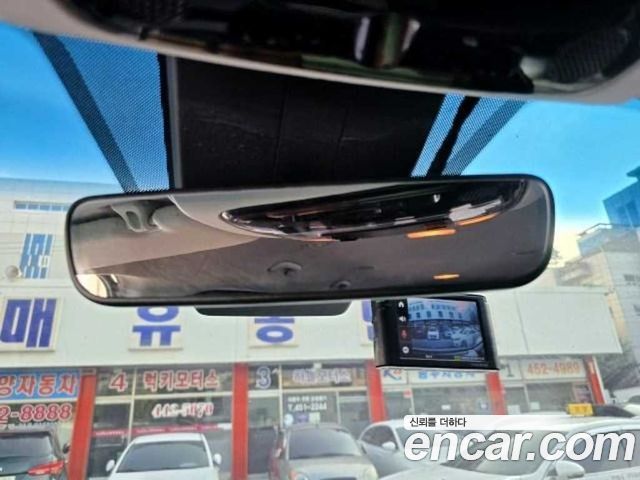 Hyundai Staria 2023 — photo 16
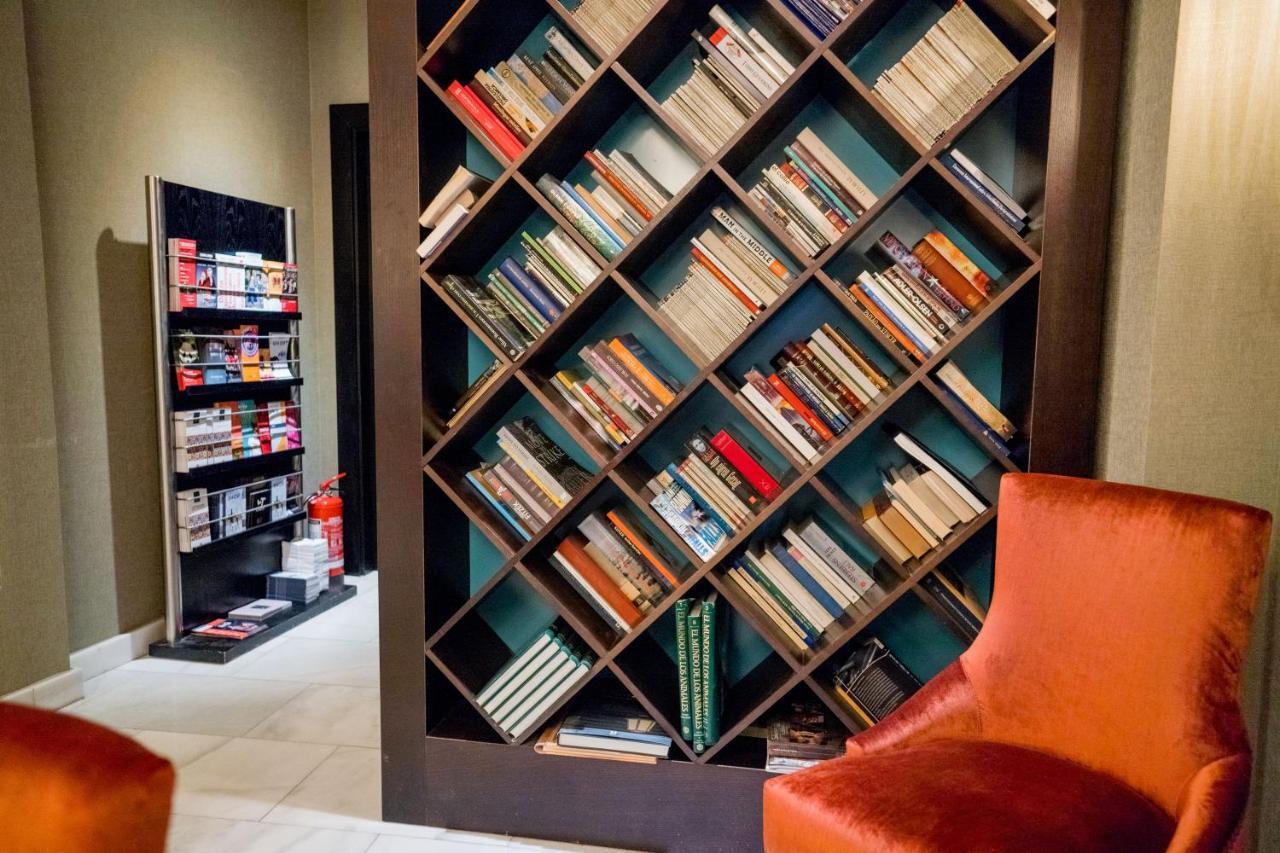 Hotel Meninas - Boutique Opera Madrid Eksteriør billede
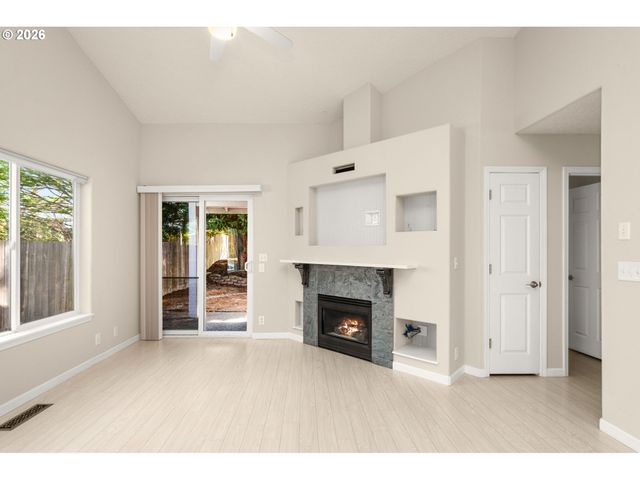 1464 Ne 87TH Ave, Hillsboro, OR 97006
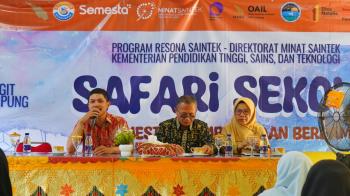 Membumikan Sains, Itera Ajak Siswa SMAN 1 Padang Cermin Amati Matahari Gunakan Teleskop   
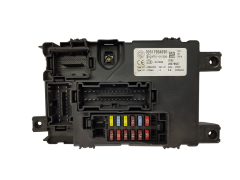 Sikringsboks Fiat 00517954290 28079637 Delphi 19728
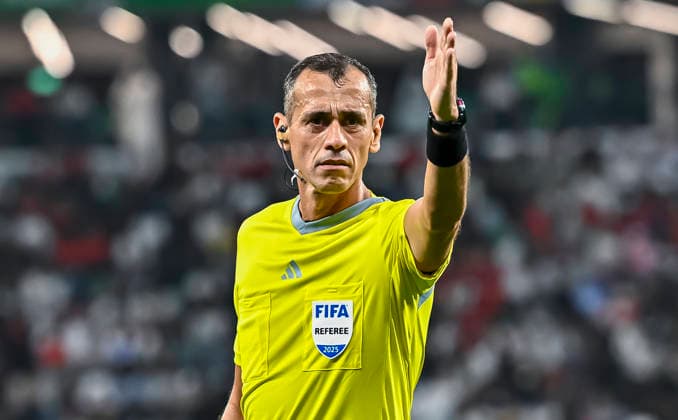 Mauritania v Kuwait : FIFA Arab Cup 2025 Qualification Stage Play-off match Referee Juan Gabriel Benitez reacts during the FIFA Arab Cup 2025 Qualification Stage Play-off match between Mauritania v Kuwait at Jassim Bin Hamad Stadium in Doha, Qatar, on November 25, 2025. DOHA Qatar Copyright: xNOUSHADxTHEKKAYILx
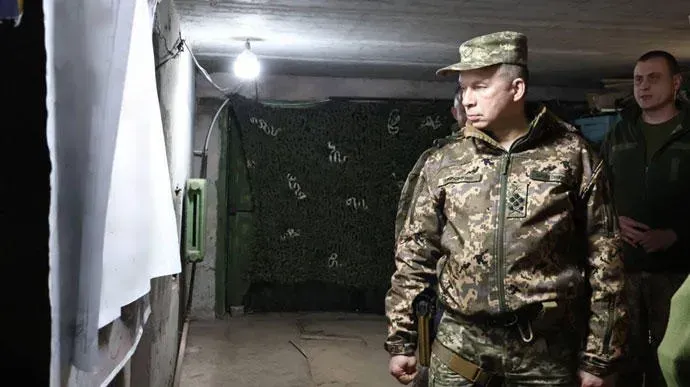 "უკრაინელებმა ბახმუტში მტერი აიძულეს, ზოგიერთი პოზიცია დაეტოვებინა" - უკრაინის სახმელეთო ძალების მეთაური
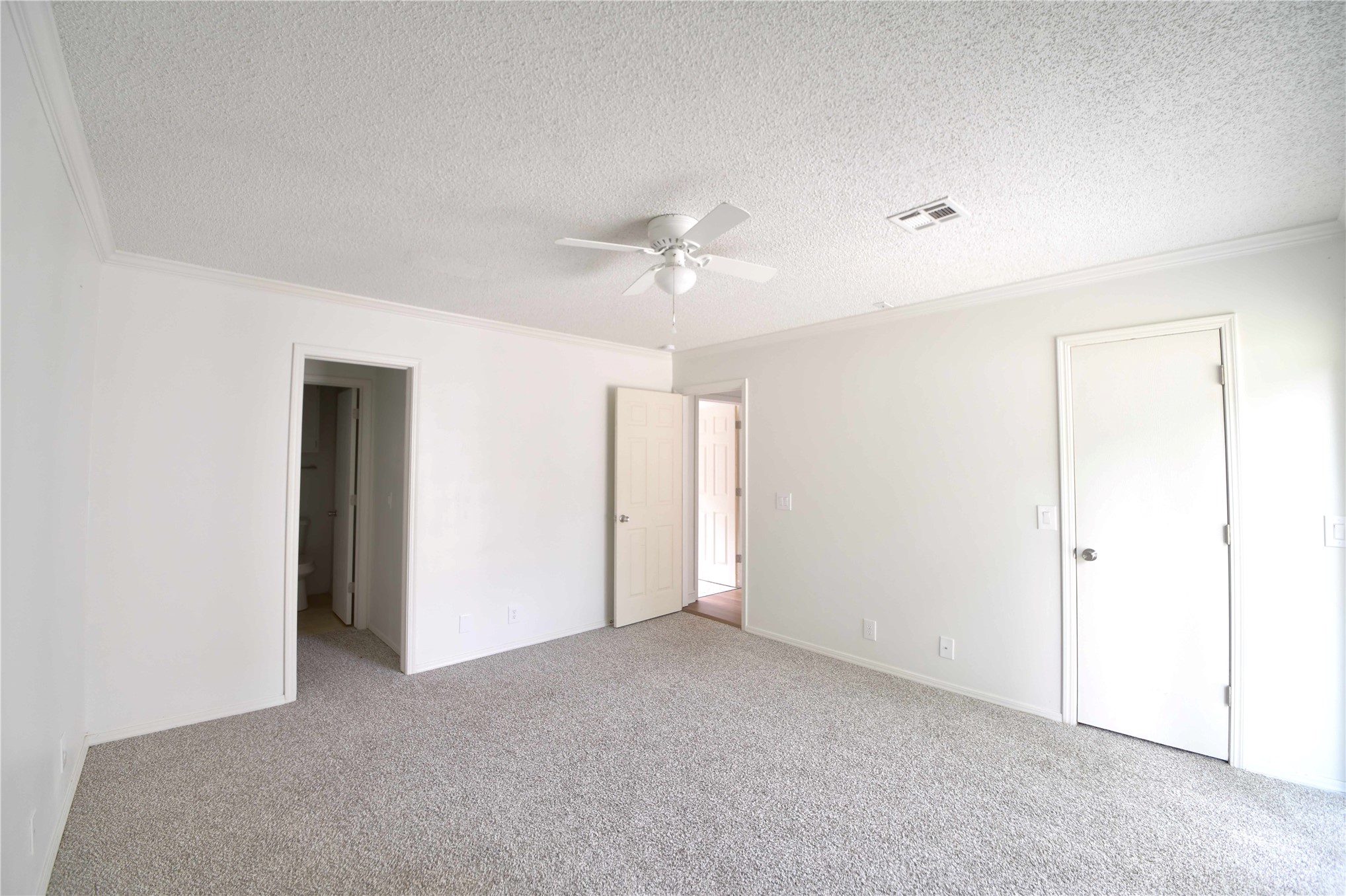 7114 E 98th Street Property Photo 17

####################

Make an exact copy of the listing above. Do not include the pictures.

◆ **COMPLETED EXERCISE**
 Hyundai Staria 2023 — photo 16
 Hotel Meninas - Boutique Opera Madrid Eksteriør billede
 1464 Ne 87TH Ave, Hillsboro, OR 97006
 Membumikan Sains, Itera Ajak Siswa SMAN 1 Padang Cermin Amati Matahari Gunakan Teleskop   
 Sikringsboks Fiat 00517954290 28079637 Delphi 19728
 Mauritania v Kuwait : FIFA Arab Cup 2025 Qualification Stage Play-off match Referee Juan Gabriel Benitez reacts during the FIFA Arab Cup 2025 Qualification Stage Play-off match between Mauritania v Kuwait at Jassim Bin Hamad Stadium in Doha, Qatar, on November 25, 2025. DOHA Qatar Copyright: xNOUSHADxTHEKKAYILx
 "უკრაინელებმა ბახმუტში მტერი აიძულეს, ზოგიერთი პოზიცია დაეტოვებინა" - უკრაინის სახმელეთო ძალების მეთაური
 7114 E 98th Street Property Photo 17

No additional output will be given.